Dear woman who’s deciding whether or not to breastfeed,

So here’s the thing. I don’t give a rat’s butt what you choose. It’s none of my business whether you decide to feed your little poop machine via silicone nipples or skin nipples. You’re gonna bond with your baby no matter what and they’re gonna be a-okay if you give them formula. But before you decide, there are actually a few other reasons to breastfeed you might not have thought of, reasons I liked doing it.

Let’s start with the most obvious one. It’s FREE. I mean call me a cheapskate, but I’m the woman who likes to brag when she gets something for half price at TJ Maxx. Check out my breastmilk. It was 100% off and I got it from God. Plus, I feel like starting your babies out on free beverages is a great way to teach them to appreciate the important things in life, like complimentary drinks and free samples at Costco.

And speaking of Costco, let’s talk about big packages. No, I did not say big boxes. That’s a whole ’nother section of the body we can discuss at a different time. But hot damn, did I have some awesome porno boobs while I was breastfeeding. Alas, I miss those giant melons, almost as much as my hubby does. And it was so convenient to always have milk in our house for coffee. Ewwww, just kidding. Seriously, I NEVER did that.

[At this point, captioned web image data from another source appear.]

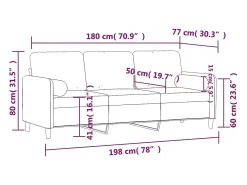 Sofá de 3 plazas con cojines terciopelo amarillo 180 cm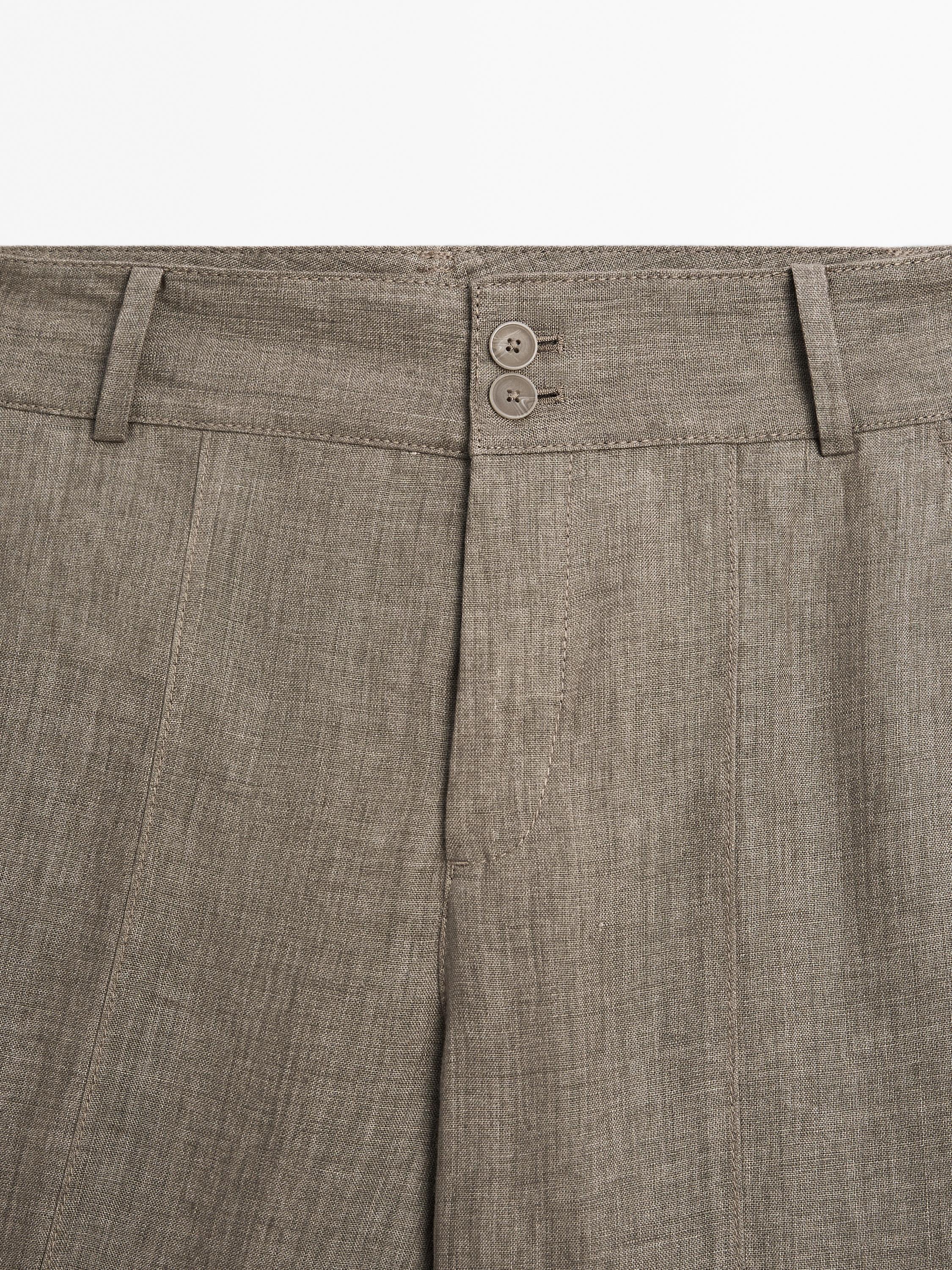 100% linen flare fit trousers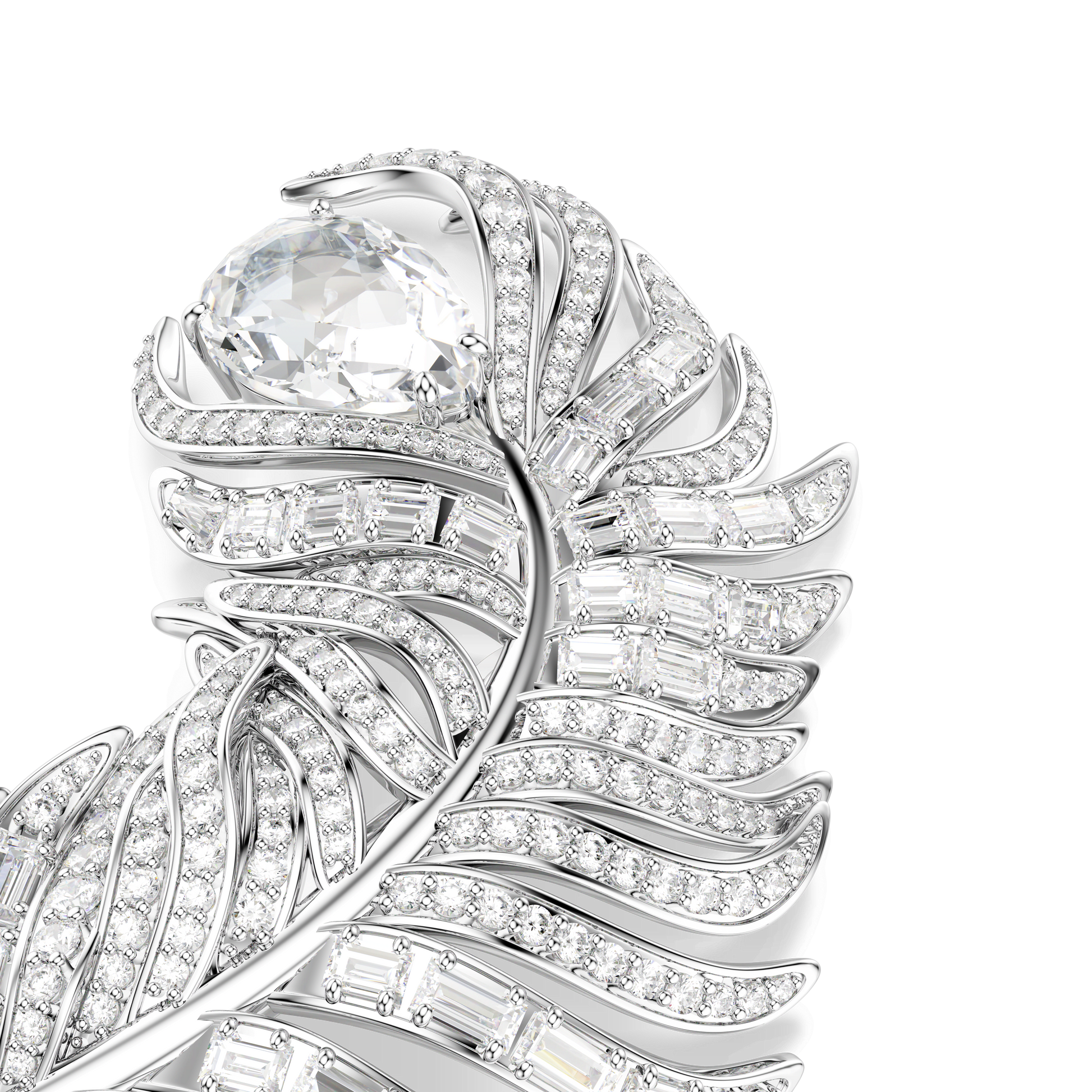 Vienna brooch, Mixed cuts, Feather, White, Rhodium plated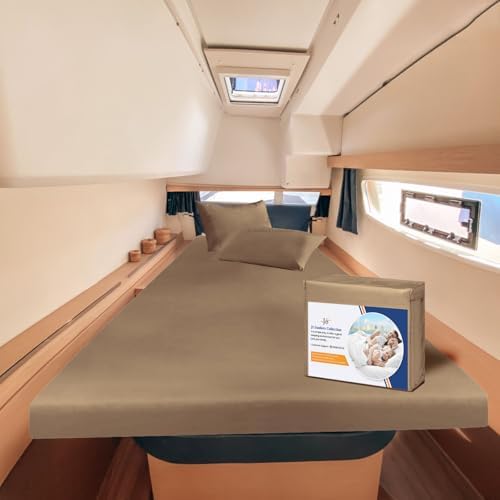 JS Sanders XL V Berth Boat Sheet 3 Pcs 600 TC Egyptian Cotton,Taupe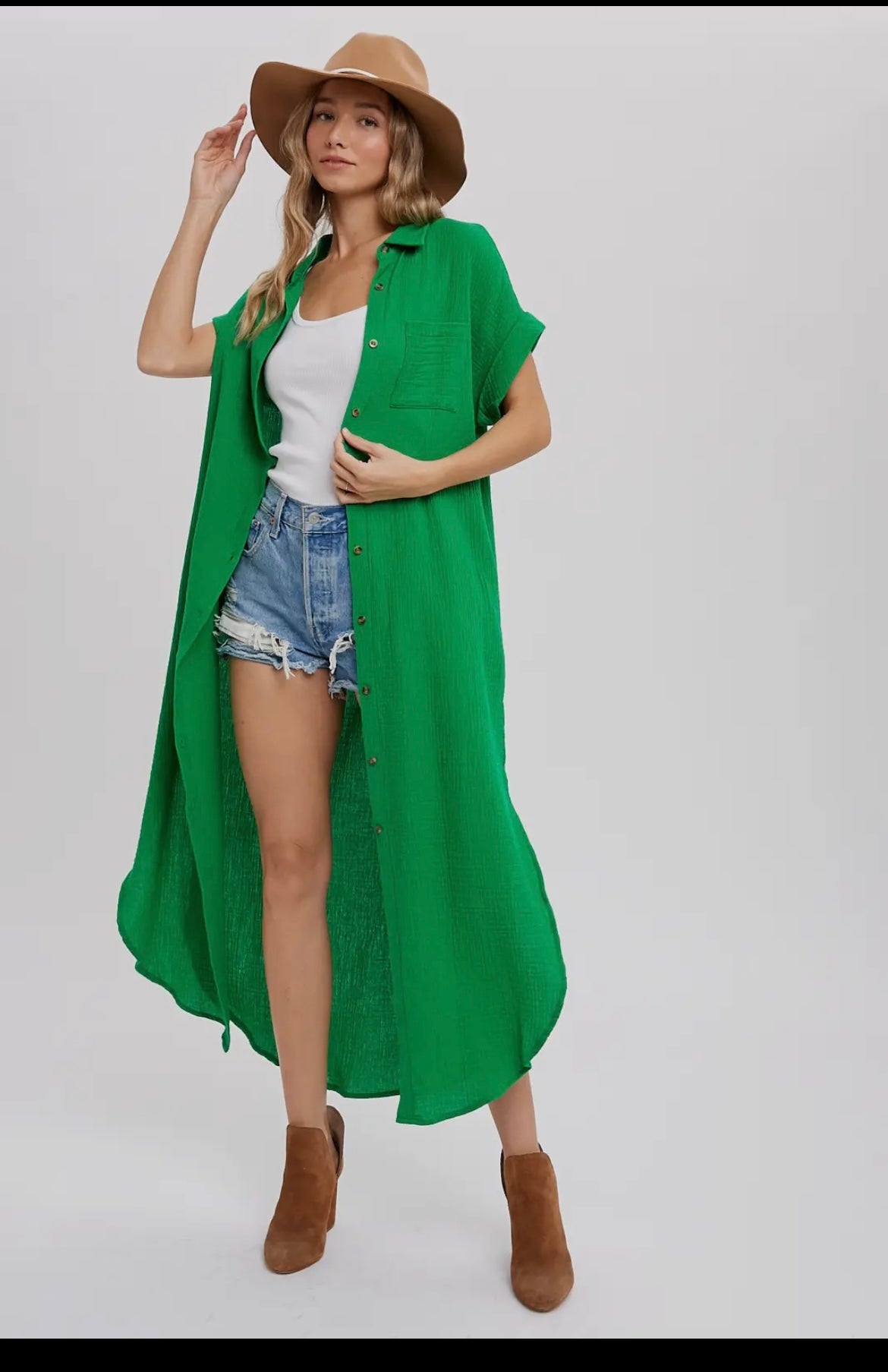 Button-Up Maxi Shirt- Kelly Green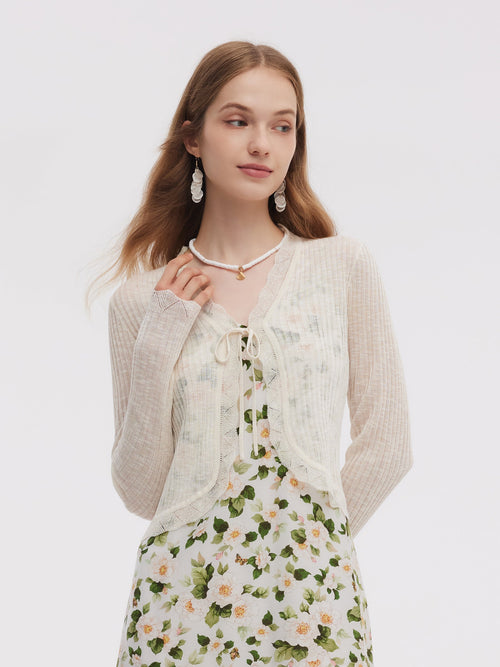 Wavy Trim Tie Front Women Cardigan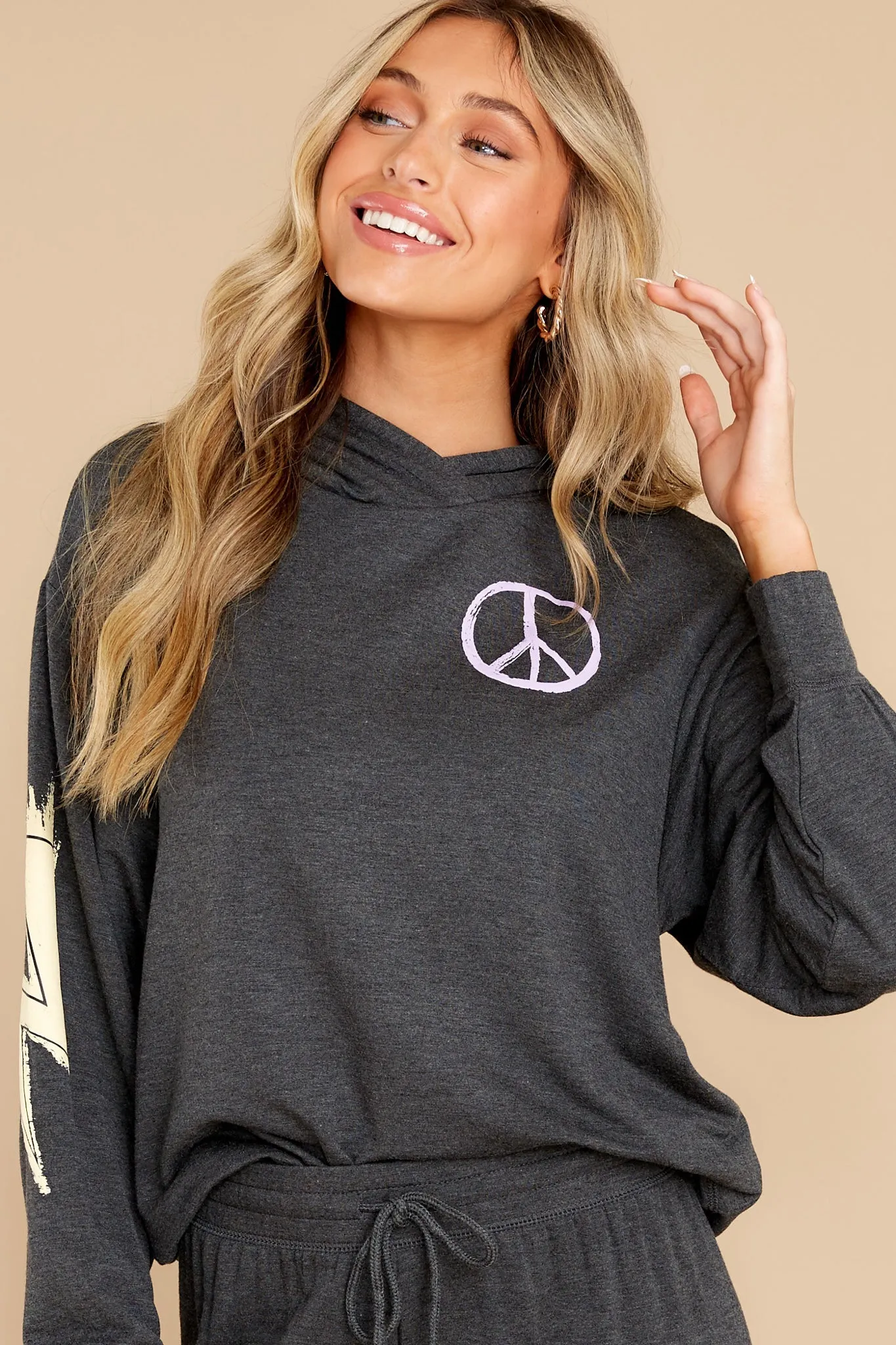 Peace And Love Heather Smoke Hoodie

But I’ll tell you what I did do. I did calculate how many minutes I spent breastfeeding and anytime I ask my hubby to do something, I casually mention that number. Hey honey, remember that time I spent over 26,000 minutes breastfeeding our babies? That was fun. Do you mind cleaning the garage shelves today? (I shit you not, I did the math and that number is real and you get to use it for the rest of your life)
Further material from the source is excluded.